Hanlon studies cosmic explosions called Gamma Ray Bursts “which are some of the most powerful explosions in the universe”. Discovered in the late 1960s, they can be detected by instruments in space and followed using telescopes from the ground.
C-SPACE, the Centre for Space Research, was set up in UCD in February 2020. Hanlon’s team is designing, building - and will launch and operate - Ireland’s first satellite, EIRSAT-1. Developed as part of the European Space Agency’s Fly Your Satellite programme, EIRSAT-1 is a CubeSat, “the size of a shoebox, but scalable”. CubeSats are fully functional satellites and “a brilliant way” for emerging space nations like ours to develop capability in spacecraft engineering and operations.
5, 4, 3, 2, 1 - Blast Off!
Work is still continuing remotely on EIRSAT-1 despite the Covid-19 disruption but a launch date has yet to be announced. “The schedule is always a battle - ask any space programme manager and they’ll tell you that. Certainly the team is doing all that it can do without physically getting their hands on the hardware.”
Scotland played an important role in the UK’s first satellite launch, which revitalised its space industry and made it a global leader. “More space craft are built in Glasgow than anywhere else in Europe right now,” she said, describing this success as “a model we have looked at”.
Space, the new Wild West
Hanlon is “absolutely” worried that space could become the new Wild West. “It is already happening.
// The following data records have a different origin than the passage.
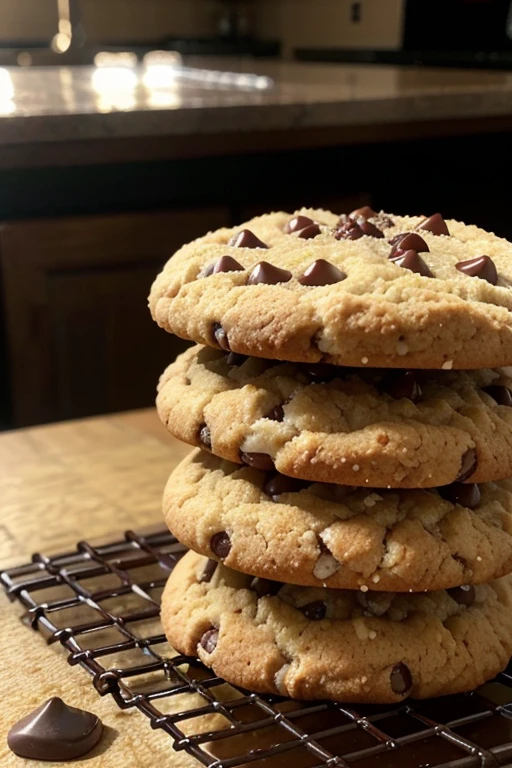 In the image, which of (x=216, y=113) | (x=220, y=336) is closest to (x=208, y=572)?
(x=220, y=336)

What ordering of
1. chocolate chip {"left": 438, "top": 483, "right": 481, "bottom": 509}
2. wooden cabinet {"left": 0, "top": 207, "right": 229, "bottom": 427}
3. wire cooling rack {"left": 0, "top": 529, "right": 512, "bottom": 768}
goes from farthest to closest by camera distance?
1. wooden cabinet {"left": 0, "top": 207, "right": 229, "bottom": 427}
2. chocolate chip {"left": 438, "top": 483, "right": 481, "bottom": 509}
3. wire cooling rack {"left": 0, "top": 529, "right": 512, "bottom": 768}

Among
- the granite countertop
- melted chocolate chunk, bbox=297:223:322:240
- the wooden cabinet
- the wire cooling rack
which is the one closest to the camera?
the wire cooling rack

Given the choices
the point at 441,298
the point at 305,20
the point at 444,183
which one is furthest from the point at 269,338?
the point at 305,20

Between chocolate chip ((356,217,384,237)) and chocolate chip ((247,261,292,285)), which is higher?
chocolate chip ((356,217,384,237))

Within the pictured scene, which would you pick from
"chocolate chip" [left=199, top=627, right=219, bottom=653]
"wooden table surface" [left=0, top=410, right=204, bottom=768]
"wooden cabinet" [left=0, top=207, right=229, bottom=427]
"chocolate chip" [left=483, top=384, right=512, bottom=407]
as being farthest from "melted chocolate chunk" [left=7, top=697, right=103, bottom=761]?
"wooden cabinet" [left=0, top=207, right=229, bottom=427]

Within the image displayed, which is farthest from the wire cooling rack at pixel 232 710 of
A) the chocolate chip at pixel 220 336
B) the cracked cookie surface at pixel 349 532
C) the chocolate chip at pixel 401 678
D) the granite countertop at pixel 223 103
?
the granite countertop at pixel 223 103

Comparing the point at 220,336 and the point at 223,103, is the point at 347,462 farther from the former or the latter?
the point at 223,103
You can see how unregulated it is if somebody can suddenly start launching hundreds of small satellites without ever thinking, or being forced to think, about the impact on our views of the night sky, for example.” (SpaceX founder Elon Musk currently has 420 Starlink satellites in orbit and has plans to launch 12,000.)
Not just for NASA
Ireland is one of only four OECD countries not to have launched its own satellite. “Space is clearly becoming a new frontier. It’s no longer just something that only NASA or ESA can do but something much smaller players can participate in.” If we want to be significant explorers in this new frontier, we need equipment, teams and skills. “We feel the value is in not just being a small part of a big mission like NASA or ESA - but also to build our own systems capability.”
She quoted a newspaper headline: “China’s Elite are Golfing Again”. This return to normal activity was picked up by satellites. In Ireland, seismic activity was seen to increase when more people took to the roads over the May bank holiday weekend. “So you’ve got in-situ sensors and satellite sensors working together. I think that will become more and more important.”